Moving beyond faxes into the digital age, the Court of Federal Claims in Watterson Constr. Co. v. U.S. (Mar. 29, 2011) found that a contractor's late proposal should be excused when the delay was caused solely by a "mail storm" at the agency which overloaded and slowed down its servers. The contractor had submitted a proposal by email at 11:01 AM in advance of a 12:00 PM submission deadline. The email was “received” by the first of the Army Corps of Engineers’ servers at 11:29 AM. But, after several employees had hit “reply all” to an email sent to a large number of users, the agency’s servers experience a “mail storm” which delayed the transmission of the email from the server to the Contracting Officer’s inbox until 12:04 PM. As a result, despite earning a higher rating and being $2 million cheaper, the contractor’s proposal was rejected for having been untimely.
 

Judge Braden found the contractor’s untimely submission to be excused in these circumstances on three independent grounds. First, she found that the proposal was not late as it had been “received by the Government’s e-mail servers before the due date,” even if it had not yet reached the CO’s inbox.
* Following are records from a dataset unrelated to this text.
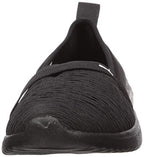 PUMA Women's ADELINA Sneaker, Puma Black-Puma Black-Puma White, 9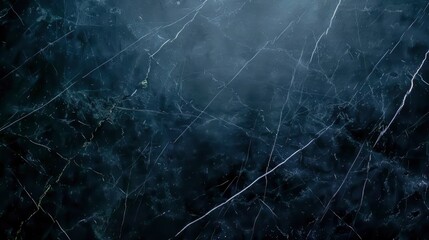 Dark Blue Marble Texture with White Veins
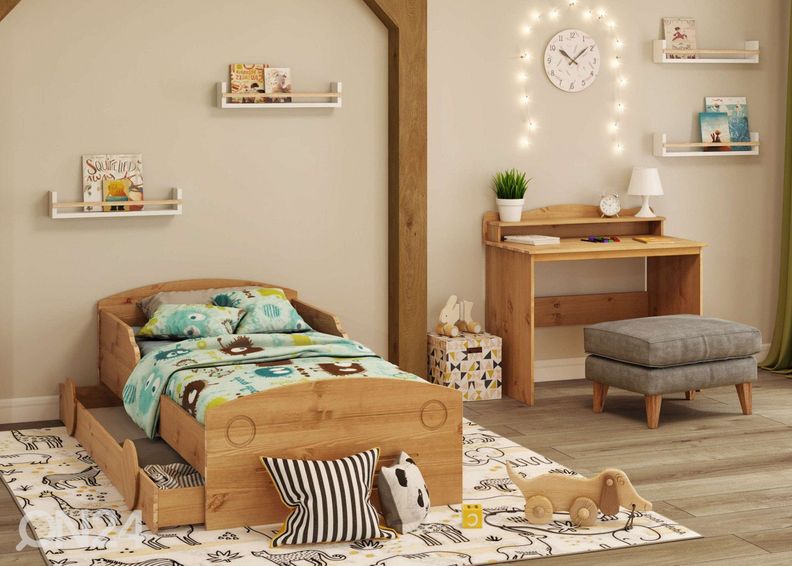 Kirjutuslaud Ilva 100 cm suurendatud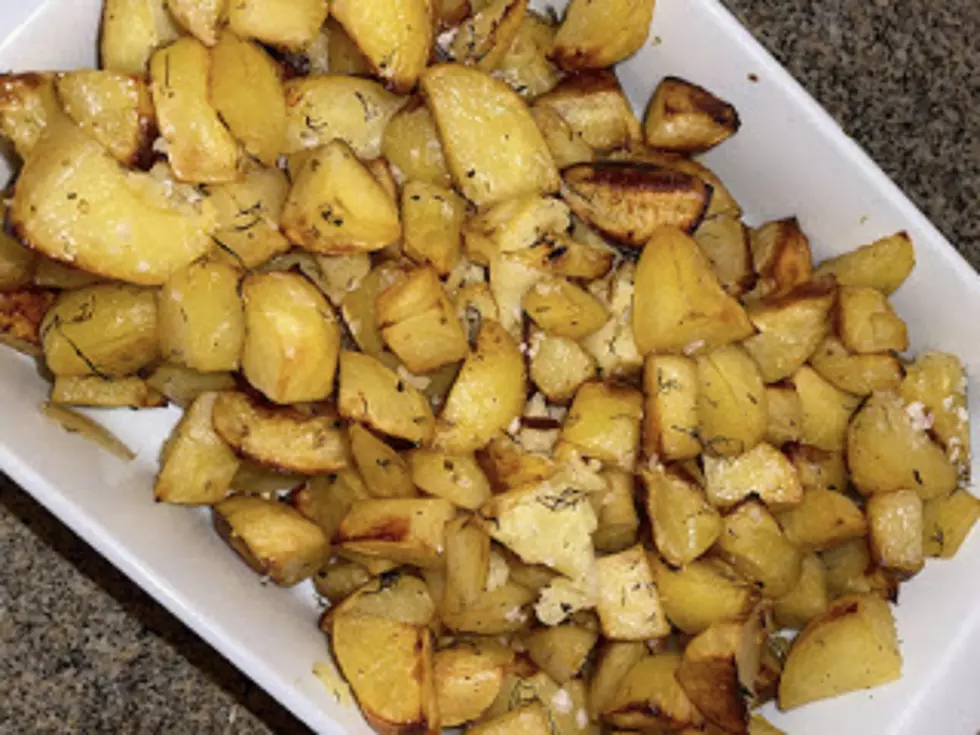 Judi’s simple Greek lemon potatoes: Your family will devour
Second, even if the proposal was late, Judge Braden found unpersuasive both GAO precedent and CFC dicta to find that the FAR’s “government control” exception applied to e-mail proposals, thus excusing the contractor’s late submission. Finally, Judge Braden analogized the “mail storm” to a more traditional weather emergency, finding that it was an “emergency or unanticipated event which interrupts normal Government processes,” thus entitling the contractor to a 1-day extension under the FAR.
 

This final holding will likely be the most useful for contractors going forward. By demonstrating its willingness to treat network interruptions as legitimate impediments to timely filing, the CFC cracked the door for contractors whose proposals may previously have been barred as untimely.